O uso obrigatório do questionário dos estudantes que participam do Enade para fins estranhos à sua finalidade, não atende à Lei nº 9.784, de 1999, que está perto de contar com vinte anos de vigência, agredindo frontalmente “aos princípios da legalidade, […] ampla defesa, contraditório, segurança jurídica”, não atuando o MEC “conforme a lei e o Direito” (gn). É sempre útil lembrar que os “princípios de legalidade” são princípios estabelecidos em Lei e não em decretos, portarias normativas, portarias, resoluções, instruções normativas ou notas técnicas.

Uma nova redação para os § 5º e 6º do art. 5º da Lei do Sinaes poderá corrigir essa questão: “Art. 5º […] § 5º O ENADE é componente curricular obrigatório dos cursos de graduação, sendo inscrito no histórico escolar do estudante o conceito obtido no Exame ou, quando for o caso, dispensa oficial pelo Ministério da Educação, na forma estabelecida em regulamento. […] § 9º Na divulgação dos resultados da avaliação é vedada a identificação nominal do resultado individual obtido pelo aluno examinado, que será a ele exclusivamente fornecido em seu histórico acadêmico”.

Essas propostas têm por objetivo tornar o Enade um Exame que avalie adequadamente o desempenho dos estudantes da graduação, sem ferir a Constituição, a Lei nº 10.861, de 2004, e a Lei nº 9.784, de 1999. Tem, ainda, o propósito de enquadrar o Enade em sua finalidade de ser “um dos instrumentos de avaliação” estabelecidos pelo Sinaes.
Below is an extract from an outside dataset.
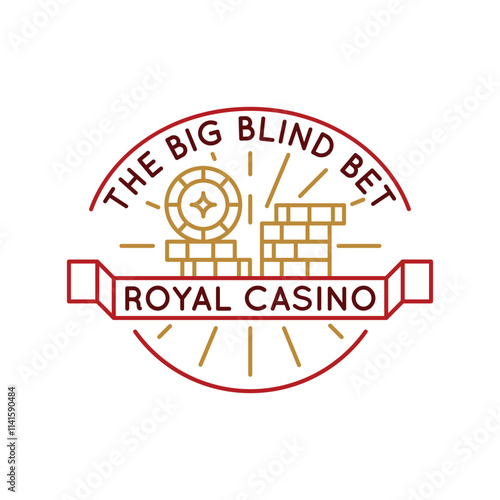 Simple Logo with royal casino icon ideal for representing card games like poker and blackjack in apps, websites, and promotional materials. Vector illustration.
E não o único.

A Lei do Sinaes prevê somente três tipos de avaliação: 1) avaliação institucional; 2) avaliação de curso de graduação; e 3) avaliação do desempenho dos estudantes. Qualquer outro “indicador” criado mediante ato subalterno à Lei não atende “aos princípios de legalidade” e nem aos objetivos da Lei nº 10.851, de 2004, desvirtuada desde a sua publicação, em 14 de abril de 2004. O CPC e o IGC não integram o Sinaes, repito. Podem, no máximo, servir aos objetivos da supervisão da educação superior, ofertada pela livre iniciativa, a cargo do MEC.
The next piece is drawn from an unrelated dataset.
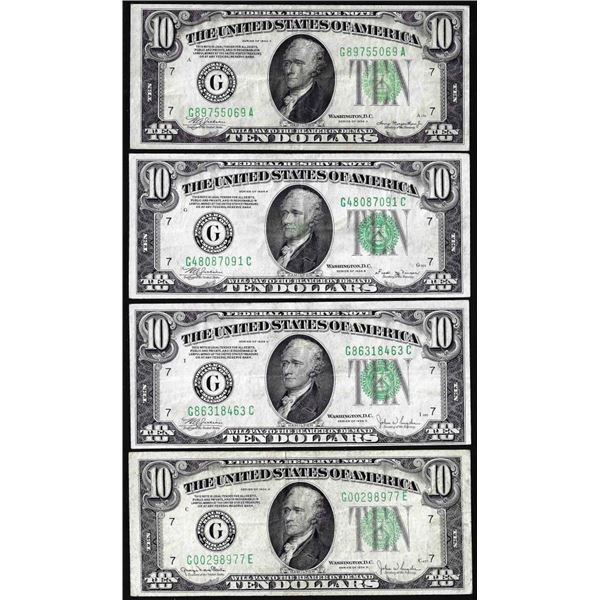 Lot of (4) 1934A/B/C/D $10 Federal Reserve Notes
Creio que, depois de quinze anos de vigência, o Enade, a avaliação institucional e a avaliação de cursos de graduação requerem a meta-avaliação pretendida há anos. Não é possível manter-se um sistema engessado há quinze anos, em pleno desenvolvimento da quarta revolução industrial, com o avanço vertiginoso, contínuo e radical das tecnologias digitais de informação e comunicação (TDICs).